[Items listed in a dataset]
- Opening Delimiter -

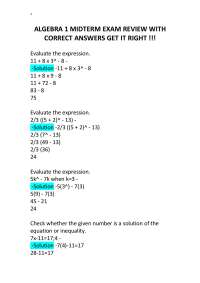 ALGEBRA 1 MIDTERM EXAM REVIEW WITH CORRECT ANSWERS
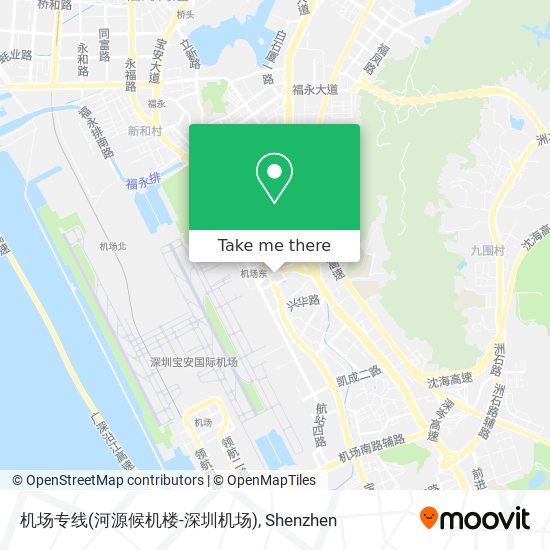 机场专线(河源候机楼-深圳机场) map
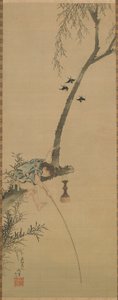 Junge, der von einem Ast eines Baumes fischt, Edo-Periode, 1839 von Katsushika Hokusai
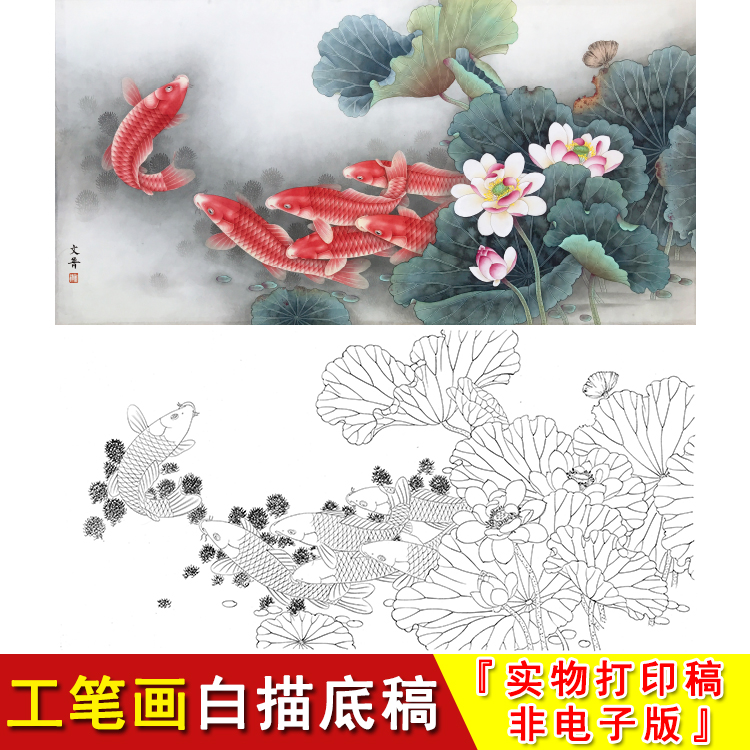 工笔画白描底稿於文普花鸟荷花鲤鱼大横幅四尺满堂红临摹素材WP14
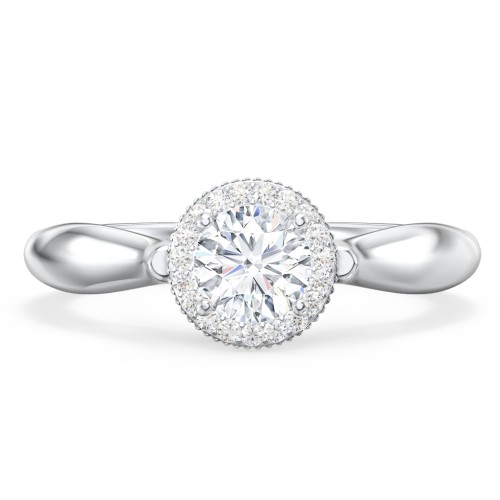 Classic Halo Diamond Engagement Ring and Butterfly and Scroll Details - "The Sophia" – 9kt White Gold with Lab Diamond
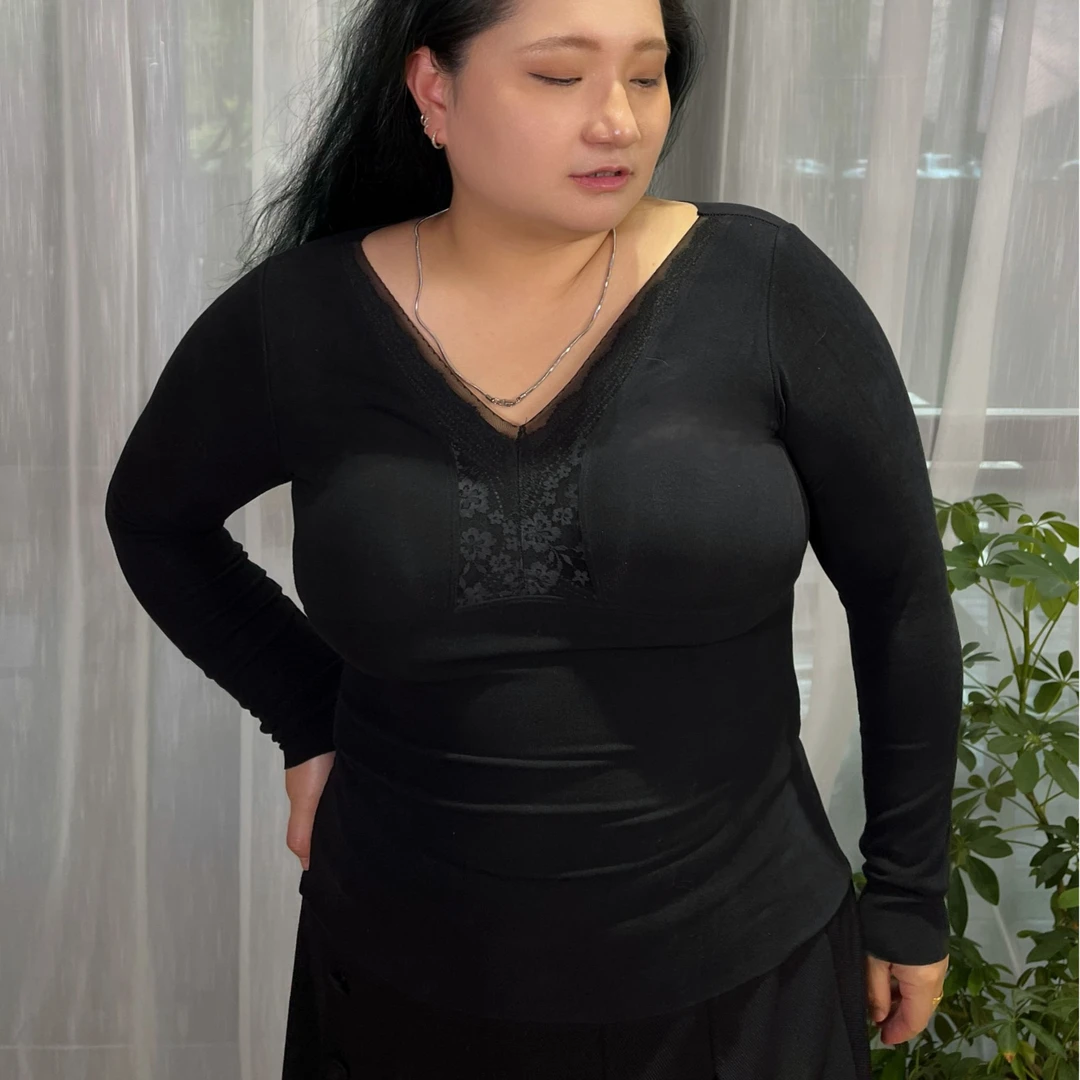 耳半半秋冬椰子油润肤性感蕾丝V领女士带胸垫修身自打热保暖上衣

- Closing Delimiter -

* _TASK GOAL_: Verbatim copy, pictures excluded: output the lines from the first line of the records above through the line containing "工笔画白描底稿於文普花鸟荷花鲤鱼大横幅四尺满堂红临摹素材WP14".

* _RESULT OF THIS TASK_:
 ALGEBRA 1 MIDTERM EXAM REVIEW WITH CORRECT ANSWERS
 机场专线(河源候机楼-深圳机场) map
 Junge, der von einem Ast eines Baumes fischt, Edo-Periode, 1839 von Katsushika Hokusai
 工笔画白描底稿於文普花鸟荷花鲤鱼大横幅四尺满堂红临摹素材WP14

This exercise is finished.